Mounting Drought Risk Confronts London, Other World Cities
With many of the world’s cities, and especially their poorest citizens, facing increasing risks of drought and water shortages, faster emissions cuts and the long overdue establishment of an international fund for loss and damage are needed, says a new report.
Warning that even “famously rainy” London could run out of water by mid-century, while cities like Harare, Kabul, and New Delhi are already parched, the report from the United Kingdom-based charity Christian Aid warns that less than 3% of the world’s water is suitable for drinking, with most of that locked up in glaciers and ice caps, writes The Independent.
Though only 0.01% of the world’s water is easily available for human use in lakes, rivers, reservoirs, and aquifers, global water use grew at more than twice the rate of population over the 20th century, the report found.
Examining the future of water use for drinking, washing, and growing crops in 10 major cities around the world, the report found that the urban poor will be hardest hit without more and faster action to prevent the accelerating spread of drought. Describing a grim environment where poor people can only obtain water by paying usurious rates to private vendors or fighting physically for the resource, Christian Aid says things will only get worse, with the number of people living in cities expected to swell to 68% of the global population by 2050, up from roughly 50% today.

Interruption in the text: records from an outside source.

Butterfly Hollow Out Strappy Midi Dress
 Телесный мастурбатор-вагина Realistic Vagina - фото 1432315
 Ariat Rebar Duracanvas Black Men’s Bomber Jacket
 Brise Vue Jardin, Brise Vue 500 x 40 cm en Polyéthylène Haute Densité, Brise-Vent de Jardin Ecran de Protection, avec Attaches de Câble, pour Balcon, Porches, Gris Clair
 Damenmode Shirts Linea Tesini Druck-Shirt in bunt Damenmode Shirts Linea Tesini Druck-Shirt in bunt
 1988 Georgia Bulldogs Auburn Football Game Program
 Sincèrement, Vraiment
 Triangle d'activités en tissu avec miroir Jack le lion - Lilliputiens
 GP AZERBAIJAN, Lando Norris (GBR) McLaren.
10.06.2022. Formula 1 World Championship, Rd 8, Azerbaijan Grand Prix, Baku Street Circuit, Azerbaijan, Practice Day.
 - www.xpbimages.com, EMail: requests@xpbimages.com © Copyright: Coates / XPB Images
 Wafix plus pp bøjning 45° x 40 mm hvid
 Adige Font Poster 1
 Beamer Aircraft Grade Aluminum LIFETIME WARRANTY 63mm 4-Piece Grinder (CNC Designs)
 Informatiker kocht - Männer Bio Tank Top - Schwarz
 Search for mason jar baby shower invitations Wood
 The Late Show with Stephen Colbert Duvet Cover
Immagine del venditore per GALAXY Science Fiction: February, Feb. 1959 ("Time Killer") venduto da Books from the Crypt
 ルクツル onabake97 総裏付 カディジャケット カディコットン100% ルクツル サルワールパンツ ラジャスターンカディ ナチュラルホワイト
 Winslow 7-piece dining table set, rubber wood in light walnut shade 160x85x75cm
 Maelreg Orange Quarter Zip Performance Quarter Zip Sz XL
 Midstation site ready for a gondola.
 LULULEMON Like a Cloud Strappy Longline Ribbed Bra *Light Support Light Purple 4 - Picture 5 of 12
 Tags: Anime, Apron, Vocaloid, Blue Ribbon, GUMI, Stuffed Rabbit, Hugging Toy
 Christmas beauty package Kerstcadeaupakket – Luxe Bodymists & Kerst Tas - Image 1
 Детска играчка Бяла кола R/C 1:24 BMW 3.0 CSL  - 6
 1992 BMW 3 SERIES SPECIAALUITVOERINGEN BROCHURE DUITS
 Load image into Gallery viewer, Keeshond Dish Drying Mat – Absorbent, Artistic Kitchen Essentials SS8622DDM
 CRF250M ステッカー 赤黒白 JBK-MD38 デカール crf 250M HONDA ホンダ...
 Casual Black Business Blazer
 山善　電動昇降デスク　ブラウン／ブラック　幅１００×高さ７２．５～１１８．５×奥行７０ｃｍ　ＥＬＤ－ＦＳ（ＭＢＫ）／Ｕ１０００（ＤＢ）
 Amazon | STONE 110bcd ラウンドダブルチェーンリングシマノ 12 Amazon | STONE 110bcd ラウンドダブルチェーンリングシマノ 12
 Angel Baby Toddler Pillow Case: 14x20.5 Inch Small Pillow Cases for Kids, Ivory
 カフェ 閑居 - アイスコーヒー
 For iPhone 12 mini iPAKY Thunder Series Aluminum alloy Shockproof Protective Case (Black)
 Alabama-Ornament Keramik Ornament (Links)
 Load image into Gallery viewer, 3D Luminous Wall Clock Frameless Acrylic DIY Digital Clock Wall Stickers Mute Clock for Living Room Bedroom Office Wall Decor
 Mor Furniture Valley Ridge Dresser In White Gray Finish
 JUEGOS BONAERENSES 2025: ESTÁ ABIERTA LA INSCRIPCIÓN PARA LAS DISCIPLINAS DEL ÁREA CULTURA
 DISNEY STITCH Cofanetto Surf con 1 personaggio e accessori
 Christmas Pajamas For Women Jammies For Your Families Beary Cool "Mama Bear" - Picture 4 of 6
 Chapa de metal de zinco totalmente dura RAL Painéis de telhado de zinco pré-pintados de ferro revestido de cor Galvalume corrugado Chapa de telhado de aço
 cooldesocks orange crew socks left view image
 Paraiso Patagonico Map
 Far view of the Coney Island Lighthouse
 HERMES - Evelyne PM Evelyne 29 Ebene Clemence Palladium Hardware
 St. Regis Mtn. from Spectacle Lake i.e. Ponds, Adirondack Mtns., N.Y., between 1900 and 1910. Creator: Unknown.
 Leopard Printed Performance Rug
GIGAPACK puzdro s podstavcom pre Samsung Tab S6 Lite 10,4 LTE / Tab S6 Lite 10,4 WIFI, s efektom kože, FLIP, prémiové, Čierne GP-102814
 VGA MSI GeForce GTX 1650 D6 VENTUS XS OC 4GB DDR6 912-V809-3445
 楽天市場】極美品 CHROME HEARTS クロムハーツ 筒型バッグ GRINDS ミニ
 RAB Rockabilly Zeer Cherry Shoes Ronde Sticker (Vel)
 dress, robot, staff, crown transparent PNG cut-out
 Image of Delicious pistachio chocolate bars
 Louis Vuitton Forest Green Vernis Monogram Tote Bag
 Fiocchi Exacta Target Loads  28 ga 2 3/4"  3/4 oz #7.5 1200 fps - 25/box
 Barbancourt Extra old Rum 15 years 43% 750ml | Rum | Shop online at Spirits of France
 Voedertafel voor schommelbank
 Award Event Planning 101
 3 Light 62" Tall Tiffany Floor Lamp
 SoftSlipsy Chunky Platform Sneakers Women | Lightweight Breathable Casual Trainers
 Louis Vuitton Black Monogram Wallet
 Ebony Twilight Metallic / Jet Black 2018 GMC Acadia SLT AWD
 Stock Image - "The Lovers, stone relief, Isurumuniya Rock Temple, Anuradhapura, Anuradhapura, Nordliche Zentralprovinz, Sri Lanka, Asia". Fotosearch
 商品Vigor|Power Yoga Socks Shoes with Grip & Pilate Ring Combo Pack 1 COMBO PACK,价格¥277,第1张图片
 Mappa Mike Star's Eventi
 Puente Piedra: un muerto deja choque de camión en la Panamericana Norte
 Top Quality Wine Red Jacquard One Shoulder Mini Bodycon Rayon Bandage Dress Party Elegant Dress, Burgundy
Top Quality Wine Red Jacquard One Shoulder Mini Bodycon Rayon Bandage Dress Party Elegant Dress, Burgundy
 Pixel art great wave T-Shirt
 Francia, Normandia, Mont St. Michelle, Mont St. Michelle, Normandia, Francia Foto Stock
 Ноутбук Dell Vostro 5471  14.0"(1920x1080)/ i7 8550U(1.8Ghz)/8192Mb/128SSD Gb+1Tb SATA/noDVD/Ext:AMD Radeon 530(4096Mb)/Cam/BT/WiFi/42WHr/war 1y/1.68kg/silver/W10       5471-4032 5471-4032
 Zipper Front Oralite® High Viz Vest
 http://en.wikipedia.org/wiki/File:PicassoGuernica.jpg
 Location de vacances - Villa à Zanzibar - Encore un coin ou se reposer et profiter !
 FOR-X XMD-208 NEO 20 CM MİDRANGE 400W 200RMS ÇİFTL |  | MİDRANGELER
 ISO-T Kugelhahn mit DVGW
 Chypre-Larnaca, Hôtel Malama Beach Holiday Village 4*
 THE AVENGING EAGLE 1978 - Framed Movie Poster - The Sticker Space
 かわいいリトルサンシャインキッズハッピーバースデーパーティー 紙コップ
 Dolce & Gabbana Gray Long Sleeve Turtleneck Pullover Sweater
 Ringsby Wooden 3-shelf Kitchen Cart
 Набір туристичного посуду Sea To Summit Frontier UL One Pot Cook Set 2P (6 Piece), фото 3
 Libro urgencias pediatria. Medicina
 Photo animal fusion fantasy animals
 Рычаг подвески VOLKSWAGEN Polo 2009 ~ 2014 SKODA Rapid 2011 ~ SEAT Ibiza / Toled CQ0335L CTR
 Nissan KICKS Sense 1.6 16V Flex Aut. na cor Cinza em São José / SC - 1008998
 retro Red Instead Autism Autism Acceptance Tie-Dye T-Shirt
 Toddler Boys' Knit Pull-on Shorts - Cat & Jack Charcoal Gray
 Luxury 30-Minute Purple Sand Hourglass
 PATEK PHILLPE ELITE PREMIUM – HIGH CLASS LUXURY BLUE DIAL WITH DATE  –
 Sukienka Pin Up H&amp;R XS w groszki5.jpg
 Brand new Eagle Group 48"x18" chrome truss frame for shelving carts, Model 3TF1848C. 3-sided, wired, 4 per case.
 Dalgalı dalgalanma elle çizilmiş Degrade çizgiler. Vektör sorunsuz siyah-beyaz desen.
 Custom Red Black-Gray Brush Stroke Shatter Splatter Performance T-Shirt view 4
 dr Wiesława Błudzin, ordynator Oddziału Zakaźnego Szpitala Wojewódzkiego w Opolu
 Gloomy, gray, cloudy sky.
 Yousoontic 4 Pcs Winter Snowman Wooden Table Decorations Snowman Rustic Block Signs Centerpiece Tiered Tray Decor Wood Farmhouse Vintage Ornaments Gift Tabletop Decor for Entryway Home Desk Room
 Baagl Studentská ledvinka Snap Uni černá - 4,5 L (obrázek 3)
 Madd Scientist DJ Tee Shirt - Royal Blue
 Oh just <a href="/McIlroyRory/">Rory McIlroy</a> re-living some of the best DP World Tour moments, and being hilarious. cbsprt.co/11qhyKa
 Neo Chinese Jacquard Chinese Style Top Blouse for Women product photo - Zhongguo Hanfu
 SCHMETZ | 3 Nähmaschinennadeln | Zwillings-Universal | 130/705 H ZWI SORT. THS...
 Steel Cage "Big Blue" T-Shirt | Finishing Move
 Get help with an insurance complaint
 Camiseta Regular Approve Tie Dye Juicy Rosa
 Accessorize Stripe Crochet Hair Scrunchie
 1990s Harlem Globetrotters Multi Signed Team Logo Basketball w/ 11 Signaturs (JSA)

In the developing world, the costs of water shortages are an intensifying reality. Noting that drought now “threatens the lives and livelihoods of some of the poorest people in the world,” the same communities that “have done the least to cause the climate crisis,” Christian Aid’s climate justice policy adviser and report co-author Nushrat Rahman Chowdhury said those who are responsible must finally take responsibility.
To this end, Christian Aid is adding its voice to increasingly urgent calls for a long-overdue loss and damage finance facility to be created at this year’s COP 27 climate summit in Egypt.
“To address this injustice, we not only need emission cuts but [must] also provide financial support for those losses which cannot be adapted to,” Chowdhury said.
Even in the wealthy developed world, there is a serious financial incentive to act: Christian Aid calculates that a severe drought would cost London’s economy £330 million (US$411 million) per day.
“It is vital that emissions in the richest and most polluting countries are slashed as a priority,” the report says.
“Many developed economies, such as the UK, have set net-zero target dates but the vast majority lack the policies to enact them, and these targets are currently not on course to be met.”